テーパーもこれまでのデフォーマと同じようにフィレットの項目があり、ONにするとボックス内とボックス外のつなぎ目がなめらかになります。
また、湾曲という項目は、数値を上げると曲がり具合が強くなり、0%にするとまっすぐになります!

2-5.捻じ曲げる!「ツイスト

「ツイスト」は、オブジェクトをねじる役割を持つデフォーマです。
アイコンの見た目通り、ハンドルを動かすとぐりぐりとねじれていきます。

このデフォーマもかなりシンプルですね( ´・ω・`)
操作はハンドルを回すだけです!楽ちん!
使う場面は……たとえばそうですねぇ……ロープを作るとき!

 

2-6.まさに自由自在!「FFD(フリーフォームデフォーマ)」

次は、グリッド内にあるオブジェクト全体を変形する際に使用する「FFD」。
スぺラボのクリエイター使用頻度1位2位を争うであろうこのデフォーマは、なななんと!伸ばせて、ねじれて、さらに大きさも変えることができるのです!
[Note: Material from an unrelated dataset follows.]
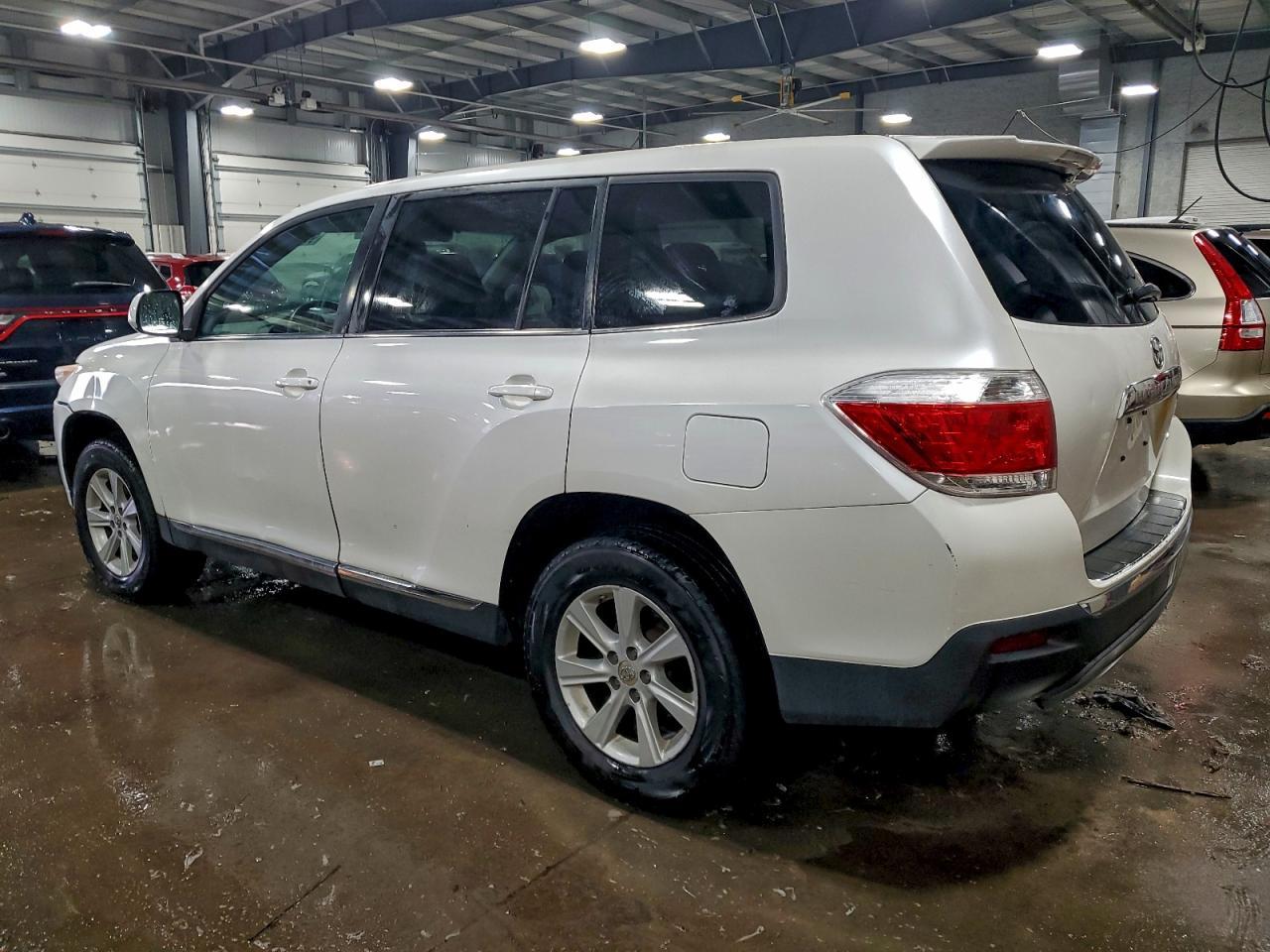 2012 Toyota Highlander Base - Image 2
これひとつでこんなにいろんなことができちゃうなんて、おトクうっ!
家具の3D制作の最終調整によく使います!

FFDは他のデフォーマと少し違い、ハンドルではなくグリッドポイントで操作します。
注意点は、オブジェクトの先端がグリッドの座標とまったく同じ位置にあると、ポリゴンが崩れてしまうこと。
変形させたい範囲をしっかりとグリッドの中に収めることがポイントです。
(詳しくは前回の記事にあるのでそちらをご覧ください!)

 

2-7.見た目大事に!「カメラ」

「カメラ」デフォーマは、選択しているカメラから見えている部分だけを変形できます!
名前の通り、カメラがあってこそ効果を発揮するデフォーマです。

たとえば「特定のアングルから見た木の形を調整したい」というような場合に便利なのです!
アニメーション制作などで使用される場面が多く、建築パースのような静止画で使われる機会はあまりありません( ´・ω・`)

 

2-8.ちょっとここをいじりたい…「微調整」

ダウンロードしたオブジェクトデータの元の形は崩したくない、けどちょっと形を直したい!そんな時に役立つのが「微調整」デフォーマ!
プリミティブオブジェクトやSDSを使ったオブジェクトの元の形を維持しつつ、さらに形状変更できてしまいます!

こちらの動画は「クッションにしわを少なくしたいとき」を想定して「微調整」を使ってみました!

 

2-9.FFDの上位互換!「メッシュ」

「メッシュ」は自分で作成したローポリゴンのオブジェクトを、変形ボックスとして使うことができます。
先述した「FFD」とかなり似ていますが、FFDは単純なボックス型で変形します。メッシュは、より詳細に扱えるデフォーマなのです。

メッシュデフォーマの使いどころは、人形のような凸凹が多く、複雑な形をしたものの変形をしたい時です!

メッシュを使ってオブジェクトをうまく変形させるコツは、変形ボックスをオブジェクトよりひとまわり大きく作ること。オブジェクトをはみ出させないのがポイントです!

 

3.まとめ

今回のデフォーマ探求では「ねじったり、曲げたり、膨らませたり」変形をするデフォーマ9種類をスぺラボのクリエイター目線で探求しました!

建築パースクリエイターは屈曲やFFDをよく使いますが、カメラやメッシュは使う機会があまりありません。
しかし、CGアニメーションやキャラクターモデリングなどを扱うクリエイターは、膨張やメッシュ、カメラなどの使用が多いようです。

使う機能とその頻度は、作る物によって偏ります。
普段あまり触れない機能についても知っておくと、今までレタッチで補っていた部分を3Dで作れるようになるかもしません。
結果としてモデリングの幅が広がり、よりクオリティを上げることができるでしょう!